Making the value case
It's entirely possible that the industry will never reach the point where seismic sensors are routinely installed during every well completion. Near-term, the most likely applications will be in very expensive deepwater wells.
"I think where we'll really be able to justify the cost of doing this will be in deepwater deployment, where the company has made a billion-barrel discovery in deep water and someone is going to be writing a billion-dollar (application for expenditure) to develop the field," said Bob Langan, senior staff research geophysicist at ChevronTexaco.

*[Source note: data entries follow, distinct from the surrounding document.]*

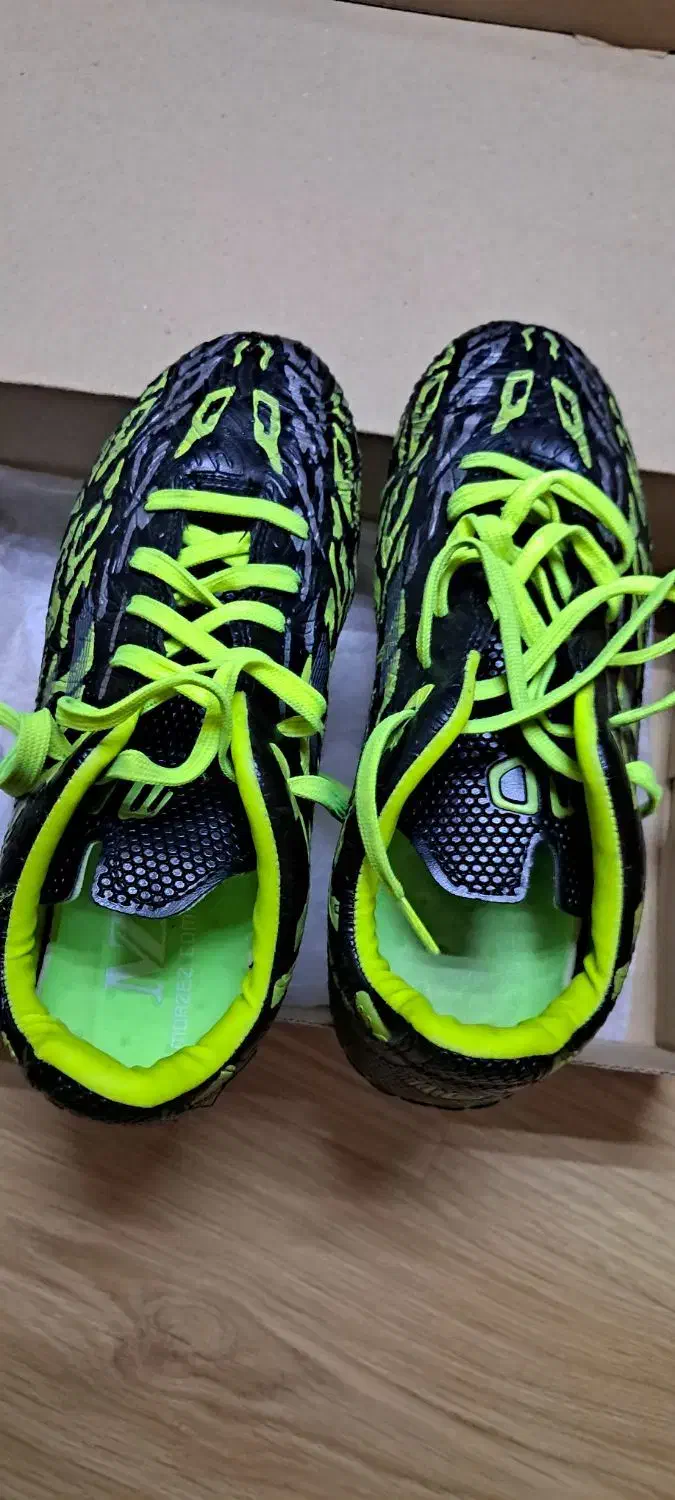 کتونی ورزشی استوک دار|تجهیزات ورزشی|رشت, معلم|دیوار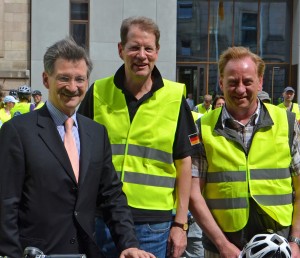 Parlamentarisches Bicycle Race mit Gero Storjohann durch Ostberlin - Bild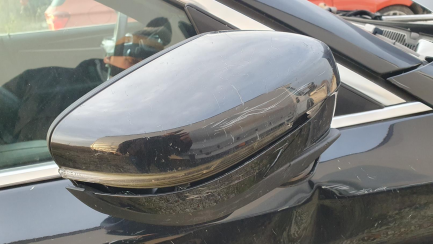 Zdjęcie przedmiotu: BMW, Seria 5 [G30/F90] 16-20, 525d Sport Line sport-aut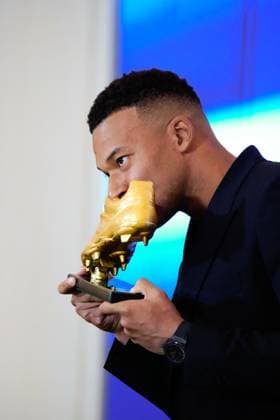 Kylian Mbappe Receives Golden Boot Award - Madrid Kylian Mbappe attends the ceremony of delivery of the 2024–2025 Golden Boot at Santiago Berbenbeu Stadium on October 31, 2025 in Madrid, Spain . Photo by ABACAPRESS.COM Madrid Spain  Copyright: xABACAx
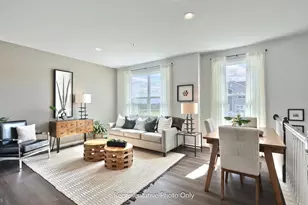 49 N Conifer Dr, Elizabethtown, PA 17022 - Photo 2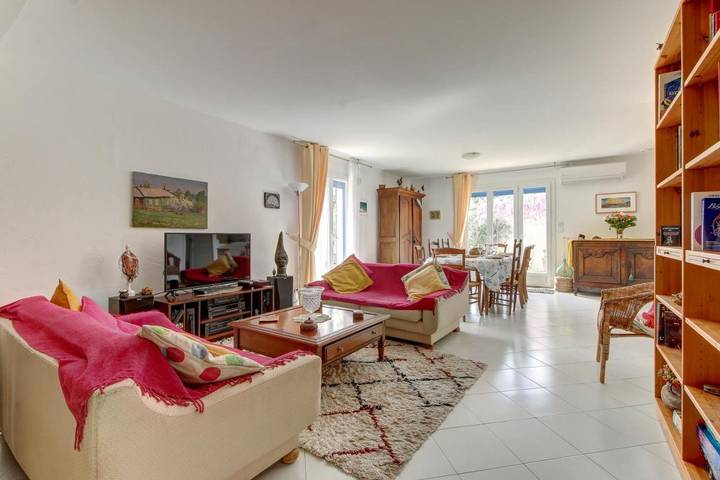 Chambre d’hôte pour 2 personnes, avec terrasse ainsi que jardin et vue, animaux acceptés à Martigues - 2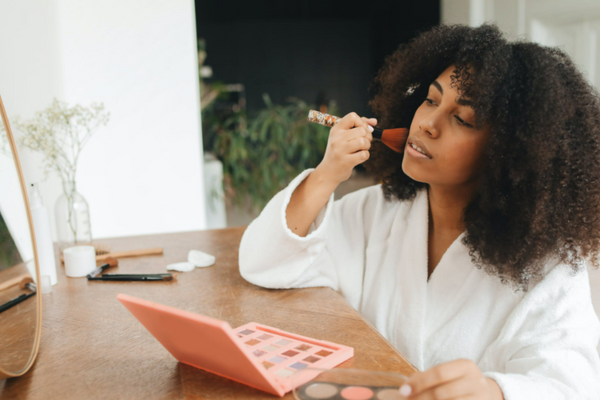Our top hacks on how to keep your makeup looking flawless throughout a concert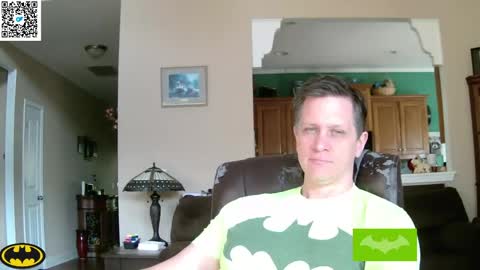 Snapshot of thebatandthecat10 chatting on 05-05-26, 12:57 ISABELLA or MATT online show from 05-05-26, 12:57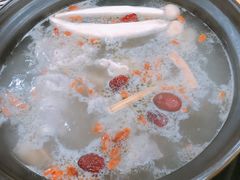 -濠轩阁特色生蚝火锅(水湾路店)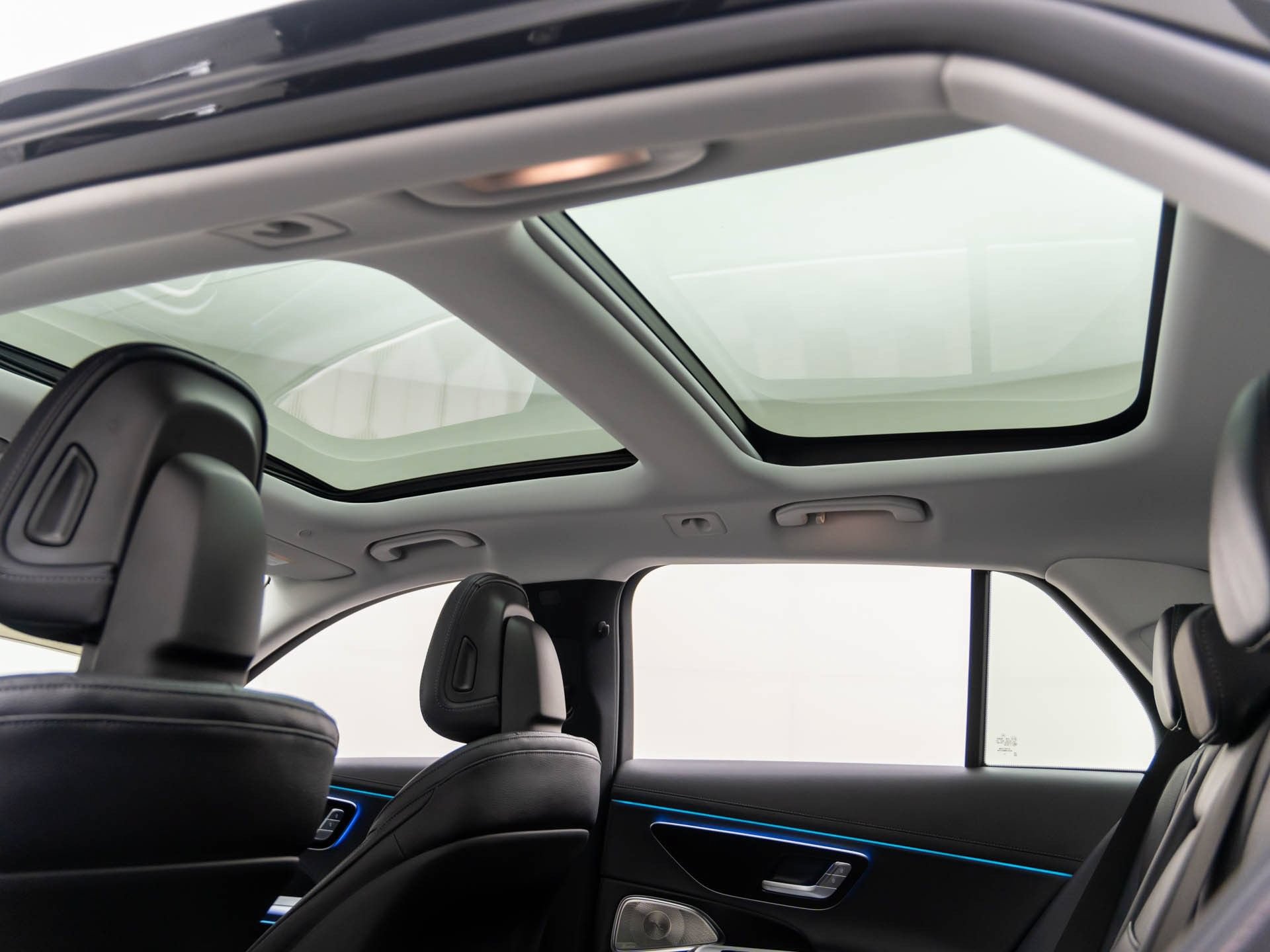 Certified 2025 Mercedes-Benz E 450 4MATIC All-Terrain Wagon image 18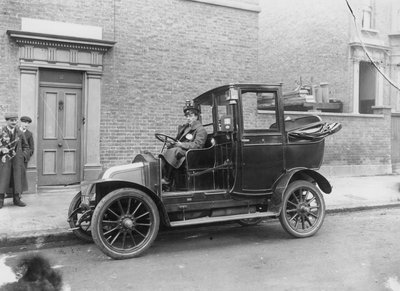Un conducteur assis au volant de sa voiture - English Photographer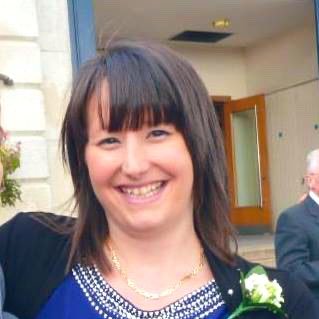 LisaWeb23985457's profile picture. 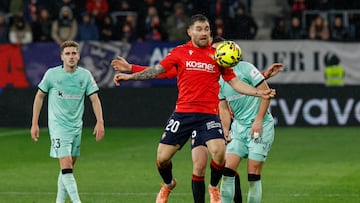 Javi Galán durante su primera partido con Osasuna.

"You want to have all of the tools to manage that field from cradle to grave. And it would make a big difference up front in terms of well placement and trying to maximize the early cash flow from the field.
"But in terms of it being routine, I don't know. There are real issues in terms of ease of installation, survivability and cost. But my guess is that some reasonable subset of all of the possible ideas being developed now will be available by 2005."
The involvement of the engineering staff may give permanent sensors the boost they need if the information they provide is deemed vital enough.
"It's hard to sell them on the cost of running streamers," said Keith Morley, senior vice president and general manager at Weatherford. "But permanent sensors are a capital cost in place, and they know how to manage those costs."
And ultimately they may provide the missing link, the information that will bridge the gap between surface seismic and the minute measurements taken in the wellbore. "These data have higher resolution than the surface seismic data, and they're accurate in depth because they're tied to the well," said Langan. "That's where borehole geophysics really starts to shine."